Если бы это награждение произошло раньше, оно было бы неожиданным, и, конечно, мы не могли бы оценить его по достоинству. А теперь летчики, техники, авиаспециалисты приняли это, как нечто выстраданное и потому должное; награда была не только дорога, но и необходима, как правильная оценка нашей боевой работы. Ведь не зря говорят, что самое дорогое то, во что вложен труд, а незаслуженная награда, хотя и блестит, но совсем не греет...

— Ну, орлы! — обратился Гринев к летчикам перед тем, как идти к самолетам. — Не подкачайте! Если придется еще драться с самураями, не упускайте их, гоните в «могилевскую губернию».

Вместе с Гриневым я пришел на командный пункт, ожидая в душе, что вот-вот позвонят и скажут: конец боям, перемирие.

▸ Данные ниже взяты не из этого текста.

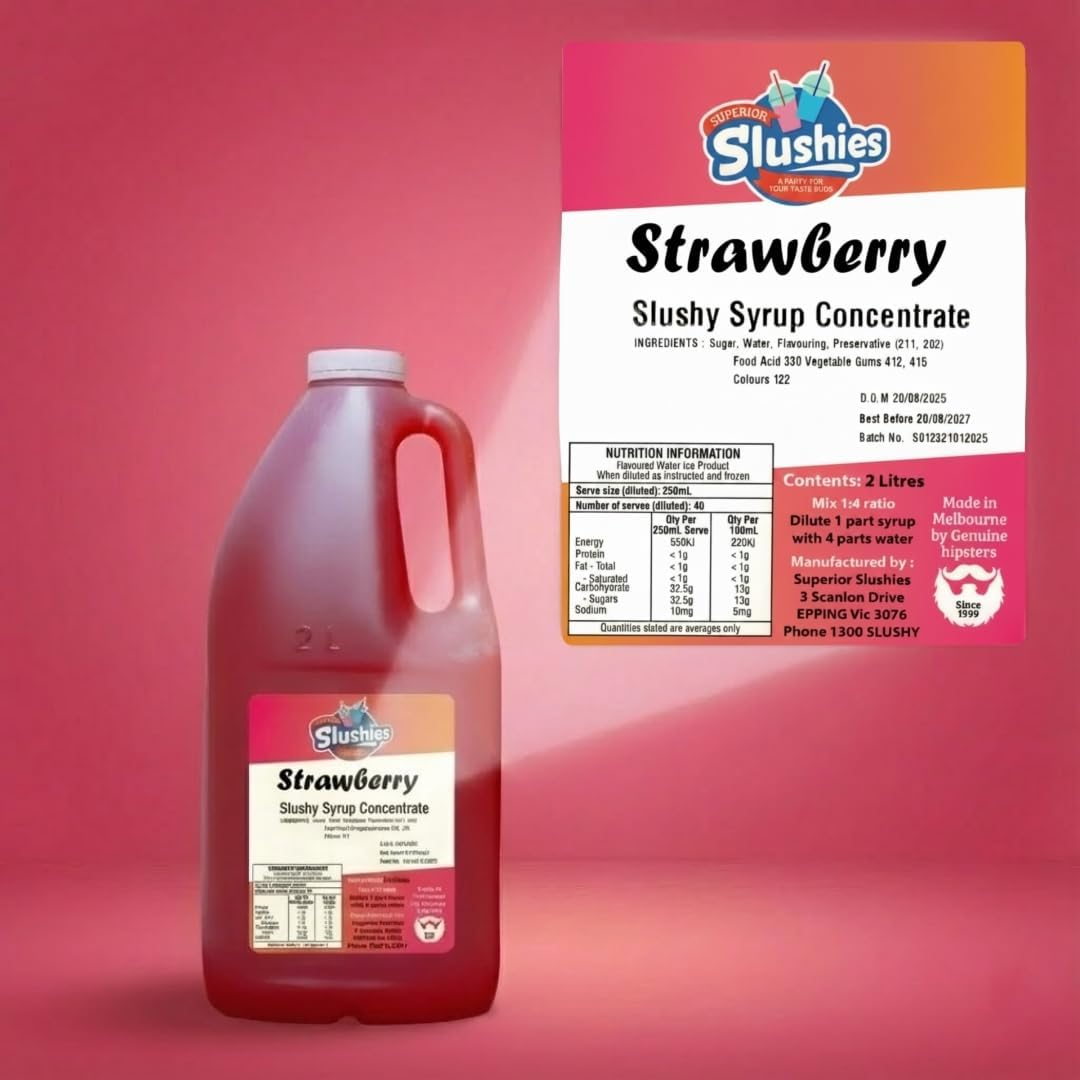 Superior Slushies Strawberry Slushy Syrup Concentrate &ndash; Premium Slushie Mix for Frozen Cocktail Machines &ndash; Great for Strawberry Daiquiris &ndash; 2L Bottle image number 2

Но никто не звонил. Приехал техник по маскировке с группой красноармейцев, изложил свой взгляд на покраску [257] самолетов. Замыслы техника нам не понравились: самолетам угрожала слишком попугайная расцветка. Но маскировщик объяснил, что пестрые цвета в сочетании с голубизной неба и солнечными лучами при движении самолета в воздухе будут способствовать тому, что машина как бы сольется с солнечными бликами, растворится в них.

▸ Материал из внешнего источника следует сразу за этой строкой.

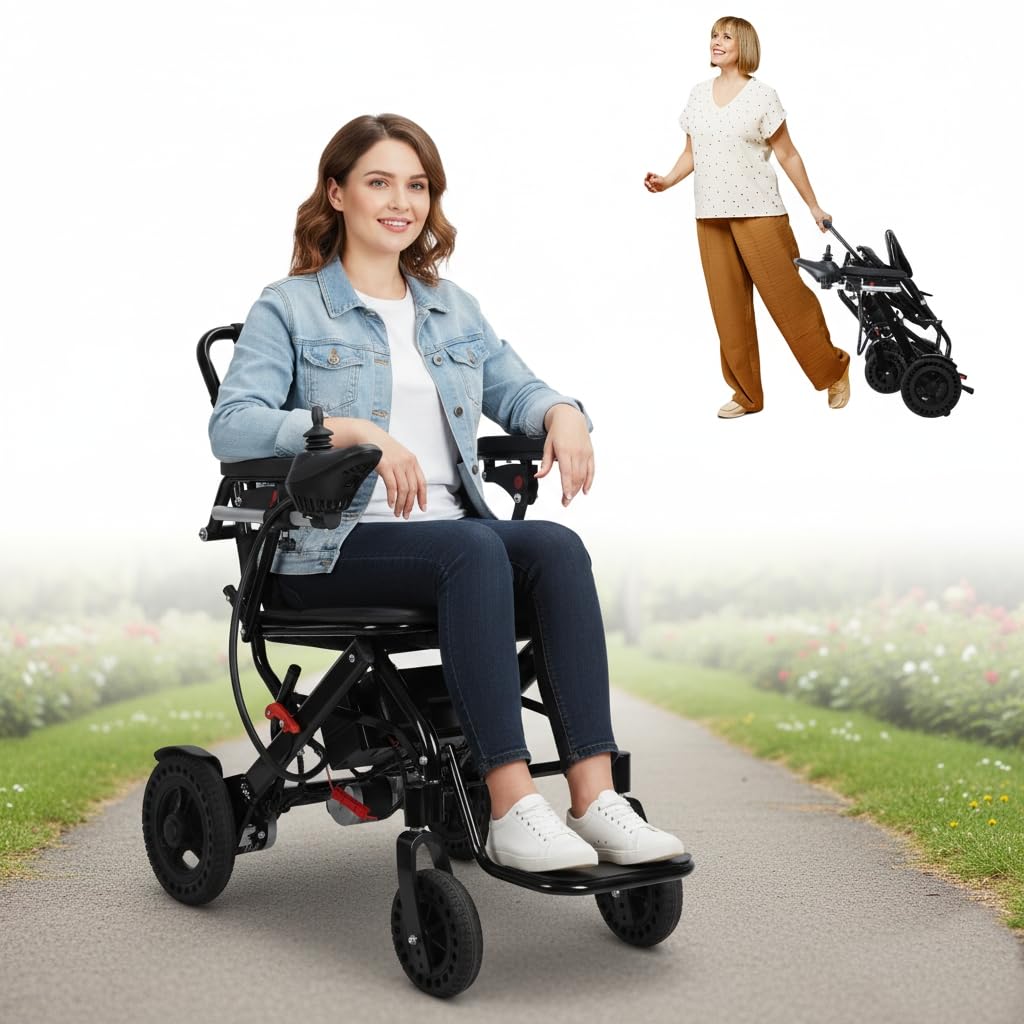 Silla de ruedas eléctrica ligera y plegable para adultos, silla de ruedas motorizada portátil, motores de 500 W, alcance de hasta 12 millas, apta para aerolíneas, marco de aleación de aluminio (negro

По опыту было известно, что зеленая окраска И-16 сверху и голубая снизу делали их и в воздухе и на земле темными, заметными с большого расстояния. А наши «чайки», равно как и японские истребители, с однообразной серебристой окраской действительно в воздухе были мало заметны. Мы предложили технику покрасить для опыта несколько самолетов в серебристый цвет, но он возразил, сославшись на инструкцию, запрещавшую подобную окраску. В конце концов сошлись на том, что для пробы разноцветными красками будет покрыт самолет Гринева. Размалеванный, он выглядел оригинально. На нем были черные полосы зебры и пятна леопарда, желтизна пустыни и весенняя зелень степей, и все это шло вперемешку с бурыми, белыми и голубыми оттенками, а главное, что особенно подчеркивал и чем гордился техник, все соответствовало требованиям науки В подтверждение техник перелистал перед нами альбом по камуфляжу самолетов.

— Ну. теперь ко мне никакой самурай не подойдет, — сказал Гринев. — Подумают, что сам сатана летает!

11

Вражеская армия, вторгнувшаяся в пределы Монголии, разбита, но японское командование, судя по всему, о перемирии не заботится. Не имея вблизи Халхин-Гола и вообще в западной Маньчжурии почти никаких наземных сил, оно наскребло до тридцати бомбардировщиков, около семидесяти истребителей и бросило все это на наши наземные войска. Цель такого безрассудного налета была совершенно непонятна.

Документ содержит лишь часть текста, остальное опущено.